I tweaked the lib here so I can have an $auth.setBaseUrl() and an $auth.setLoginUrl(). It worked like a charm. So, I was able to config the module like this:

angular.module('myModule', []).run([function($auth, $location){
  if($location.host().indexOf('localhost') !== -1) {
    $auth.setBaseUrl('http://localhost/');
  } else {
    $auth.setBaseUrl('https://maydomain.com/');
  }
  $auth.setLoginUrl('/login');
}]);

If this is what you guys were looking for, I can make an effort to expose the other methods and make a PR...

[Gillardo]

Each method needs to be available on a per provider basis via the service. I dont think thre is an issue with setup in the run metgod via the current provider code On 3 Mar 2016 01:08, "MtDalPizzol" notifications@github.com wrote:

I tweeked the lib here so I can have an $auth.setBaseUrl() and an $auth.setLoginUrl(). It worked like a charm. So, I was able to config the module like this:

angular.module('myModule', []).run([function($auth, $location){ if($location.host().indexOf('localhost') !== -1) { $auth.setBaseUrl('http://localhost/'); } else { $auth.setBaseUrl('https://maydomain.com/'); } $auth.setLoginUrl('/login'); }]);

If this is what you guys were looking for, I can make an effort to expose the other methods and make a PR...

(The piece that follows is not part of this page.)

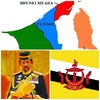 brunei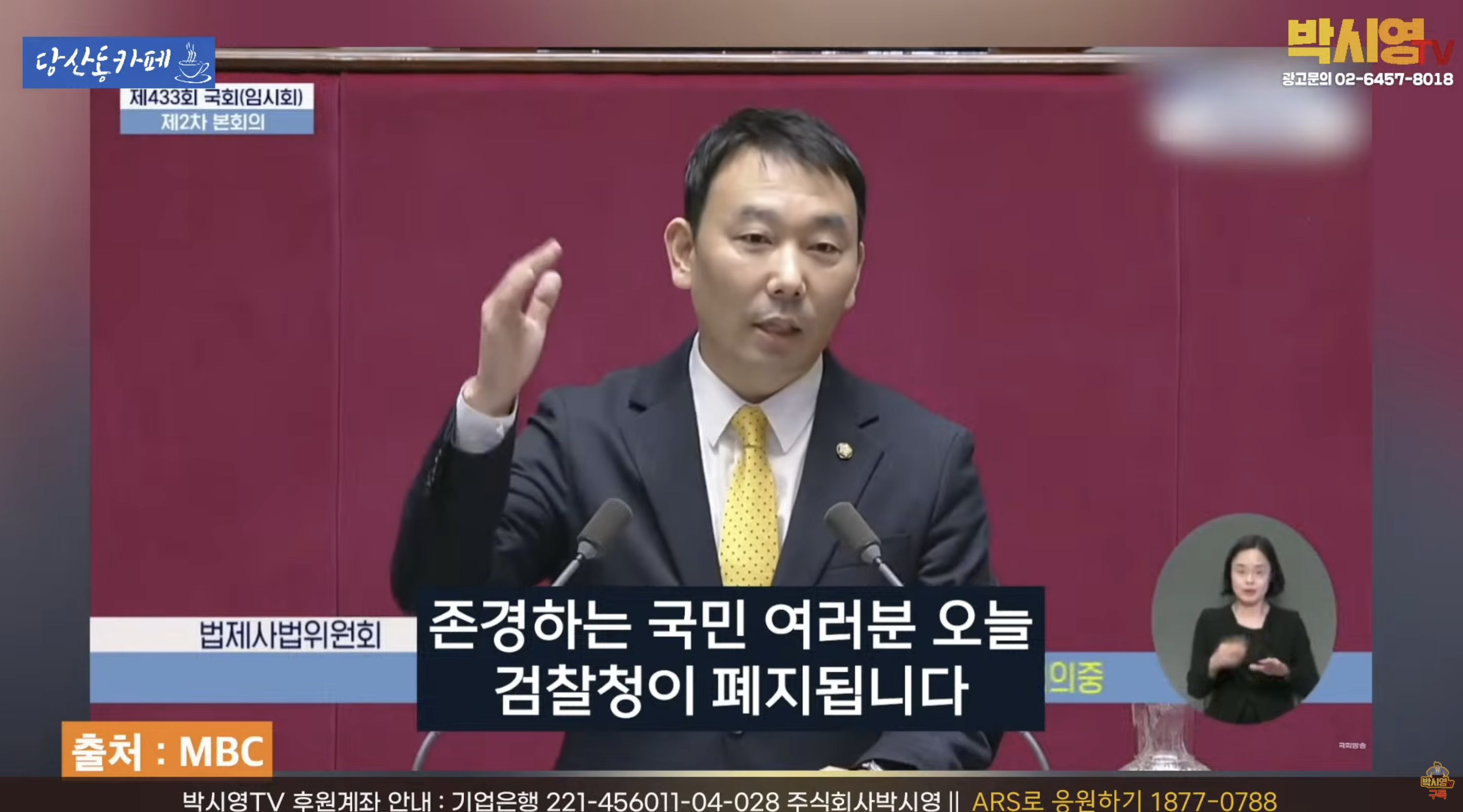 스크린샷 2026-03-19 오후 10.55.45.png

— Reply to this email directly or view it on GitHub https://github.com/sahat/satellizer/issues/259#issuecomment-191522941.

[MtDalPizzol]

Well... I don't know if I'm doing something wrong, but if I try to use $authProvider inside .run(), I get an Uncaught Error: [$injector:unpr] Unknown provider: $authProviderProvider <- $authProvider.

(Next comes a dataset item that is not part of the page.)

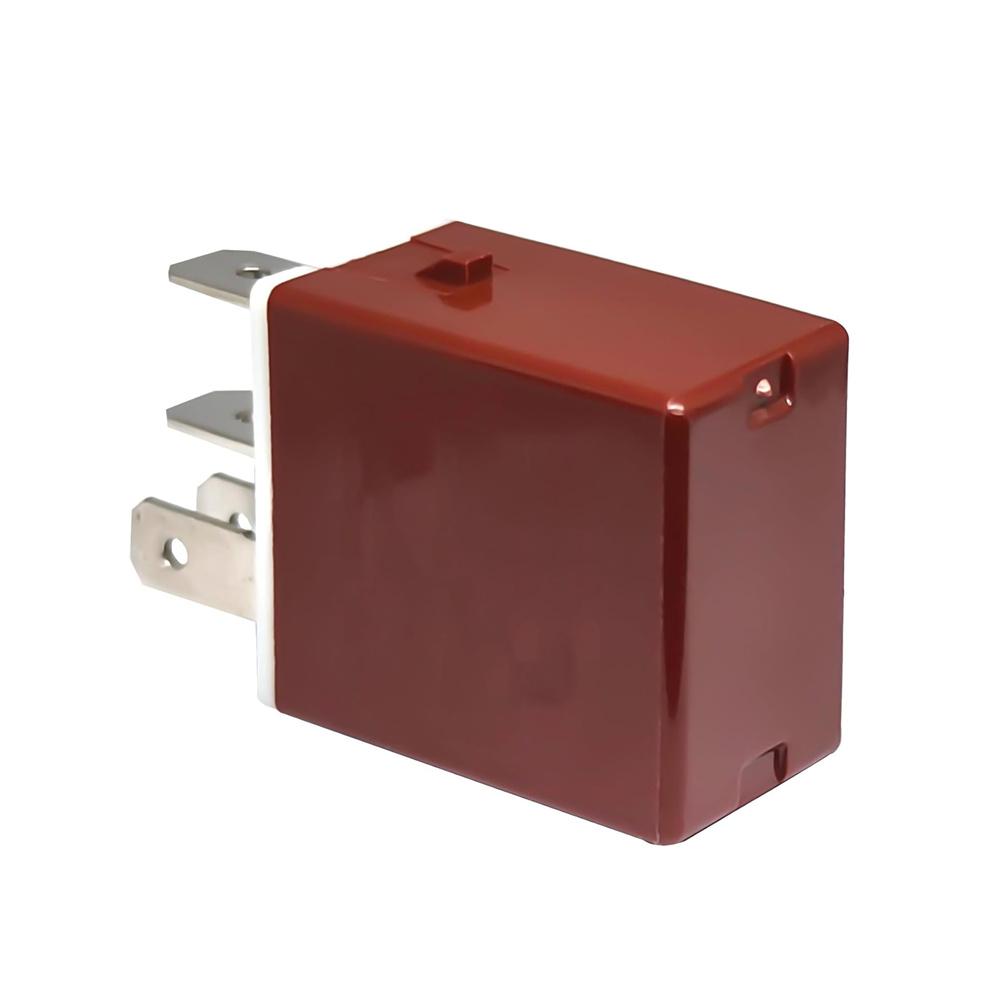 Main Multi-Purpose Relay 90084-98032 90987-04004 For Toyota Lexus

I also can't use $location inside .config(). So, what I suggested is what worked for me. Am I missing something?

[Gillardo]

You can only access the $authProvider from the .config method in your app. if you want to change the a property for a particular provider, you need to inject SatellizerConfig.

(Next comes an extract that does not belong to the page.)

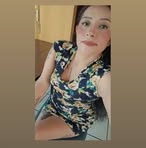 Nelly Pena - Facebook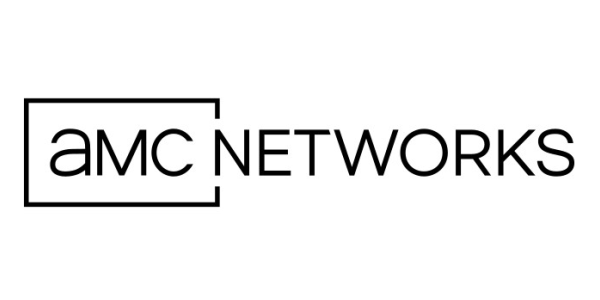 Snowpiercer: AMC Networks Acquires All 4 Seasons of Hit Sci-Fi Drama Series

Here is a simple sample, of how to update the clientId for a provider that was setup in my .config method. So in my config method i have

// satellizer - for authentication
$authProvider.oauth2({
    name: 'openiddict',
    clientId: 'myClient',
    redirectUri: window.location.origin + '/signin-oidc',
    authorizationEndpoint: window.location.origin + '/connect/authorize',
    responseType: 'id_token token',
    scope: ['openid email profile roles'],
    requiredUrlParams: ['scope', 'nonce'],
    nonce: function () {
        var text = "";
        var possible = "ABCDEFGHIJKLMNOPQRSTUVWXYZabcdefghijklmnopqrstuvwxyz0123456789";
        for (var i = 0; i < 32; i++) {
            text += possible.charAt(Math.floor(Math.random() * possible.length));
        }
        return text;
    },
    popupOptions: { width: 1028, height: 529 }
});

Then in my .run method, i can call

AppService.init();

And my AppService looks something like this

angular.module('app').service('AppService', ['$http', 'SatellizerConfig', function($http, SatellizerConfig) {
    'use strict';

    angular.extend(this, {
        init: function() {
            var that = this;

            $http.get('api/app/settings')
                .success(function(data) {
                    // set this here, so we dont have to do it in other places
                    SatellizerConfig.providers['openiddict'].clientId = data.clientId;
                });
        }
    });
}]);

[MtDalPizzol]

Awesome, it worked too! Thanx! This information should be in the docs!

[tennisgent]

I know I'm late to the game here, but couldn't we just add a method to the $auth provider to accept a clientId parameter before calling $auth.authenticate('...')?

$auth.setClientId('google', '<client_id>'); // set id based on the current environment
$auth.authenticate('google');

Is there a reason that the clientId has to be set during the config phase of the app lifecycle? Unless I'm missing something, it should be configurable at runtime, right?

[mcblum]

So glad I found this thread. Could the SatellizerConfig injectable be used to actually register a new provider? We have an app where we offer a bunch of difference integrations, but we'd like to simply tell the frontend about which integrations are available rather than having duplicate data.

[mazoruss]

SatellizerConfig worked for me as well, thanks! SatellizerConfig should definitely be in the readme tho.